TO Q. CORNIFICIUS (IN SYRIA)

Rome (October)


I will answer the end part of your last letter first—for I have noticed that that is what you great orators occasionally do. You express disappointment at not getting letters from me; whereas I never fail to send one whenever I am informed by your family that somebody is going to you. I think I gather from your letter that you are not likely to take any step rashly, nor to decide on any plan before you know in what direction that fellow Cæcilius Bassus[1] is likely to break out. That is what I had hoped, for I felt confidence in your wisdom, and now your very welcome letter makes me quite secure. And I beg you as a special favour that you will, as often as you can, make it possible for me to know what you are doing, what is being done, and also what you intend to do. Although I felt much distressed at your leaving me, I consoled myself at the time by thinking that you were going to a scene of the most profound tranquillity, and were leaving the cloud of serious troubles overhanging us. In both cases the actual truth has been the reverse.
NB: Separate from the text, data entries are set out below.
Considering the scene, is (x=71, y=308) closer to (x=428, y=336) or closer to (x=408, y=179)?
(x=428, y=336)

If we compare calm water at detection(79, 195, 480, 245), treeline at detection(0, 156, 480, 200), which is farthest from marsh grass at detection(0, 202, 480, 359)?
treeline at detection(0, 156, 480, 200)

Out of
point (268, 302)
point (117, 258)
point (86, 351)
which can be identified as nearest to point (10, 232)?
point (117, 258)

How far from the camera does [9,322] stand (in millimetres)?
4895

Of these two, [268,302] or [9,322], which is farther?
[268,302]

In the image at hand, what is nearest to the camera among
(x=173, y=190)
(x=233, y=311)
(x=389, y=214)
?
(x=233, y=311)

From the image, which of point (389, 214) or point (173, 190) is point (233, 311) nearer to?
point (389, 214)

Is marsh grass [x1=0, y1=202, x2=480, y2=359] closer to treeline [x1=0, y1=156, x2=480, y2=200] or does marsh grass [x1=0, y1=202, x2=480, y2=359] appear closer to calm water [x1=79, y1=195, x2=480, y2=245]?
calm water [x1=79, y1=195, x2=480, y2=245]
Where you are a war has broken out: with us there has followed a period of peace. Yet, after all, it is a peace in which, had you been here, there would have been many things that would not have pleased you, things in fact

  1. Q. Cæcilius Bassus (quæstor B.C. 59) fought on Pompey's side at Pharsalia, whence he escaped to Tyre. He managed to win over some of the army of the proprætor of Syria, Sext. Iulius Cæsar; and, taking advantage of rumours in B.C. 46 of Cæsar being defeated in Africa, he caused Sext. Iulius to be assassinated and took over the government of Syria. He fortified Apamea, and there repulsed Antistius Vetus and Statius Murcus, who were successively sent against him, and had dealings with the Parthians. Though Murcus was reinforced by Crispus, governor of Bithynia, Bassus held out till Cassius arrived in B.C. 43, to whom he surrendered and was allowed to go away unharmed.